Four and a half stars

YASUAKI ONISHI: PERMEATING LANDSCAPE Through October 27; daily, 10 a.m.- 7 p.m.; $5-$10. Bellagio Gallery of Fine Art, 702-693-7871.

Polyurethane sheeting finally has its moment! That humble material, used by painters to prevent spills and builders to keep down dust, becomes a living, breathing colony of 12 jumbo blimpies in Yasuaki Onishi’s Permeating Landscape at the Bellagio Gallery of Fine Art.

The sheeting pulses, plops, floats, stretches and shimmies. One cylinder rises from its perch and hovers near the ceiling, catching the light and throbbing like an alien bio-morph. Another gives up the ghost, deflates and rests flat and forsaken on the floor, a sad and wrinkled reminder of its former buoyant self. Then a gently whirring motor fans air into the casing and it rises again to bob among fellow blobs, seemingly animate and weirdly calming. Watching these things is almost as good as setting the meditation timer to an hourlong session.

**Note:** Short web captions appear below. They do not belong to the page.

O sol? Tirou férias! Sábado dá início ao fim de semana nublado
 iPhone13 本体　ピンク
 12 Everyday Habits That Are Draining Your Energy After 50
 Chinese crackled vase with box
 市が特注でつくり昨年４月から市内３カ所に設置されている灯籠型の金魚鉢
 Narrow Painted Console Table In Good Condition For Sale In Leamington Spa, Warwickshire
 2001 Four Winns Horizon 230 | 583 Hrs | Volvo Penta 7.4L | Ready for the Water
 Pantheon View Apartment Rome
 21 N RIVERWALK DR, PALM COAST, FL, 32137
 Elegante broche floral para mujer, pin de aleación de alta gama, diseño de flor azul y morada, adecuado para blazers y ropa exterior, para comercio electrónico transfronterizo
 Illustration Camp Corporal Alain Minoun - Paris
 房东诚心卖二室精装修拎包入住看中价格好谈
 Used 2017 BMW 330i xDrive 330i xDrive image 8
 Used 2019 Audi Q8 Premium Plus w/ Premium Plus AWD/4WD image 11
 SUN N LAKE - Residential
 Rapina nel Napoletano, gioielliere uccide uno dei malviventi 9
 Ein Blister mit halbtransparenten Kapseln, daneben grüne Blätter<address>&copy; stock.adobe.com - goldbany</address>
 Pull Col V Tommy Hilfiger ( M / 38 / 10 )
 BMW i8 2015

The polyurethane “Vertical Volume” isn’t the only disarming sculpture created by BGFA’s current artist-in-residence. In the gallery’s second room, Onishi has installed a site-specific piece composed entirely of shiny brass wires, a delicate tissue of air and sparkle. Hanging from the ceiling like a neural net, the draped sculpture encourages viewers to enter an inverted landscape of peaks, troughs and crevasses. The lines and contours of the brass wires seemingly manifest planes, the void between filaments easily filling with the mind’s irascible longing for shape and mass. Instead of emptiness, the imagination perceives a mountainous landscape that isn’t there—or an organic network of intricate connections claimed by a superior organism promoting mind-meld.

Onishi’s Permeating Landscape show is premised on making the invisible visible—whether by inflating semitransparent polyurethane sacking or by suspending a suggestive wiry mesh. Rather than perpetuating the touchstones of Western sculpture, such as weight and volume, Onishi’s work engages an emptiness that’s anything but empty.

Instead of monumental figurative bronzes by Rodin or Picasso that conceal a hollow core, Onishi inverts the protocol, beginning with a disguised emptiness and materializing the form. Attention to invisibility, and to related terms of emptiness and absence, points toward the cultural influence of Buddhist and Shinto religions. Westerners don’t often get the Oneness of all things—we’re too focused on individual parts—let alone how negative space is really very full.

The 36 graphic works in the show extend Onishi’s spectral concerns to 2D media. The monochromatic “Plates of Pressures” (2019) is a tour de force of pattern and texture, in which Onishi wields a glue gun like a paintbrush, stroking metallic powder to reveal a palimpsest of snail trails or a whirling silicon vortex. In “Darkness Thing” and “Grind and Roll” (2015), Onishi moves a steel frame from foreground to background, grinding it in a long exposure so that the sparks become a fiery portal of infinite reckoning surrounded by eerie fluorescent vegetation. The earlier polychromic series, “Drawing” (2007), is less successful, veering away from an uncanny intuition for materials toward the pleasant pursuits of Japanese Pop, the bright pastel colors siphoning away oomph.

Onishi is at his best when he cues what isn’t there. When it comes to manifesting invisibility, he’s a master.